I’m a musician so I’m better at this than most. Having spent countless hours studying music from around the world, I’ve gotten pretty good at hearing more than just the notes. I realize this comes across a bit pretentious but this is an important skill to have when you write about music. I’ll post again later with some ways to work on listening skills but right now I want to share some examples to think about. There’s more to it than what’s below, of course, but what’s important now is to start thinking more about what you hear.
Led Zeppelin-Houses of the Holy. Great album; what’s wrong with it? Not rhetorical; there is something wrong with this album. Any guesses? The correct answer is too much guitar. Though rock is a guitar centric genre, it throws the music out of balance (balance is as important in music as it is in anything else). It’s subtle but this lack of balance is what tips you off the HotH is a transition album (that is, Zep was transitioning to a different sound); transition albums are always unbalanced in some way.

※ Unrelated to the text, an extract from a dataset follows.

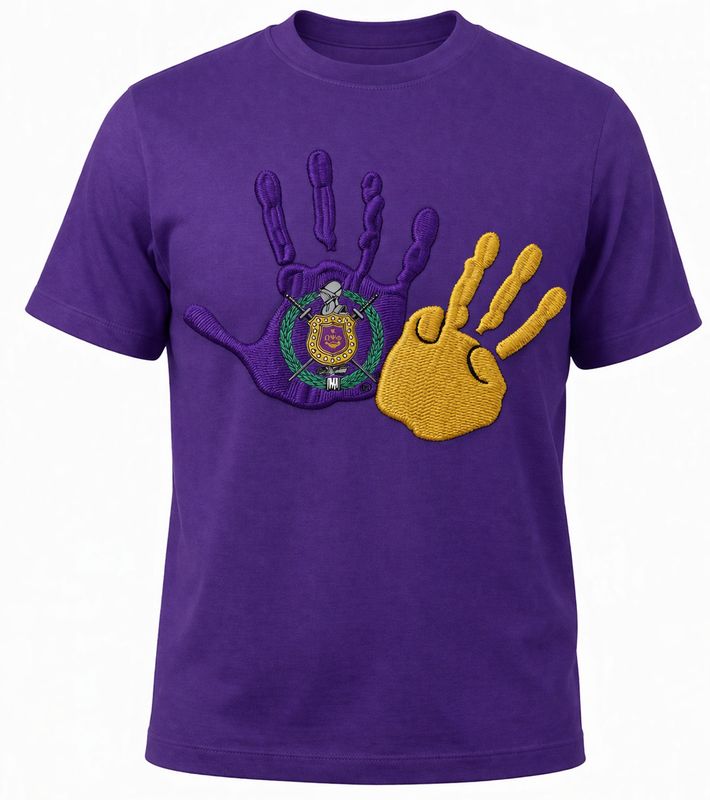 8 Dawg  T-Shirt - Purple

MGMT-Oracular Spectacular. This one’s a bit trickier. The thing to hear is that it’s a good album but could easily have sucked. The songwriting is good but just barely and although it’s fine instrumentally, the musicianship ain’t great. This is how I knew before they came out with a follow-up that they had done way too much E and would never produce anything good again (serendipity was behind the first album’s success).
Now I want you to think about a recording that made you have empathy with the artist. Few recordings achieve this but they exist. An artist can make you empathize with them through a recording if they care. They have to care a lot because they’re expressing themselves so indirectly but it can be done. Try to identify a piece of music that does this.
Thanks for reading.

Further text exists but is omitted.